Removing a way for people to report suspected political misinformation may limit intervention at a time when social media platforms are under pressure to curtail falsehoods about electoral integrity, which have grown rapidly in recent years.

It comes less than three weeks before Australia holds a referendum, its first in a quarter century, on whether to change the constitution to establish an Indigenous advisory body to parliament and 14 months before a US presidential election [please also add the polls in India which are also scheduled for next year].

Since billionaire Musk took Twitter, as it was then known, private in late 2022, the company, which cut most of its workforce, has been accused of allowing the proliferation of antisemitism, hate speech and misinformation, Reuters said.

BUT HOW IT CAN AFFECT PAKISTAN? 

General elections aren’t far away in Pakistan – in January or February. We have already witnessed how social media has been used to manipulate minds in an organised manner by spreading disinformation especially when it comes to politics.

Starting with the rise of PTI since 2011 through the 2014 sit-in and general elections in 2018 which culminated with the horrific events on May 9 earlier this year, a large section of our society has been made to believe in lies and deceit repeated again and again. 

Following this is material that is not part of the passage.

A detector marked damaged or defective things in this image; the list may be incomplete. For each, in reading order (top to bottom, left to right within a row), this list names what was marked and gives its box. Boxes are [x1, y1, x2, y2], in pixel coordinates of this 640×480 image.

Will you want to see a repetition of that in the upcoming elections? No sane mind would reply in a AYE.

MODI’S INDIA

India is also preparing for the next year’s general elections where right-wing BJP of Narendra Modi is known for using social media to spread hate and propaganda to achieve their nefarious designs. The success in previous elections under Modi’s leadership are a reminder.

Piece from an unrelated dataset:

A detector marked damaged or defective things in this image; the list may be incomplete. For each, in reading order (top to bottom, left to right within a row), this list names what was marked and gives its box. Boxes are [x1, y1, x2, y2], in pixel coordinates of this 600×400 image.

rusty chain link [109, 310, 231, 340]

The Washington Post on Tuesday discussed this subject in detail, saying the BJP and the affiliated Hindu nationalist groups have been in the global vanguard of using social media for political aims — to advance their ideology and cement their grip over the world’s largest electoral democracy.

“They have perfected the spread of inflammatory, often false and bigoted material on an industrial scale, earning both envy and condemnation beyond India’s borders.”

About the methodology used, the newspaper says, “Central to the success of the BJP, a party with 180 million members, is a massive messaging machine built on top of US social media platforms. It is part of a wider effort by the right-wing forces aligned with Modi to wield technology in various ways — and restrict its use by opponents — in pursuit of a Hindu nationalist agenda that seeks to marginalize religious minorities and suppress criticism.”

Meanwhile, those managing social media platforms like Musk aren’t doing anything. “As hate speech and disinformation in India have grown in recent years, Silicon Valley giants have at times tried to police this incendiary content. But often they have struggled — or willingly turned a blind eye.”

TRUMP AND BREXIT

The most known examples of using social media for politics and voter manipulation are the US presidential elections and the Brexit referendum in 2016. In both cases, Russia managed to get what it wanted.

But it didn’t stop there as the ultra-right and other nationalist forces across Europe have been among the beneficiaries of these interventions for election manipulation.

A PANDORA’S BOX 

Freedom of speech and state regulations are two of the terms that have always remained in conflict. There has never been a meeting point to satisfy all. The Western nations are at least making every attempt to deal with today’s world where social media has become one of the most powerful weapons.

With even these resourceful democratic governments are unable to convince the social media platforms, especially X and Facebook, to arrest the organised spread of disinformation, people like Musk are only complicating the state of affairs by reversing the gains previously made.

How Pakistan will deal with this imminent threat is a serious question. We aren’t in a position to repeat July 25 or May 9.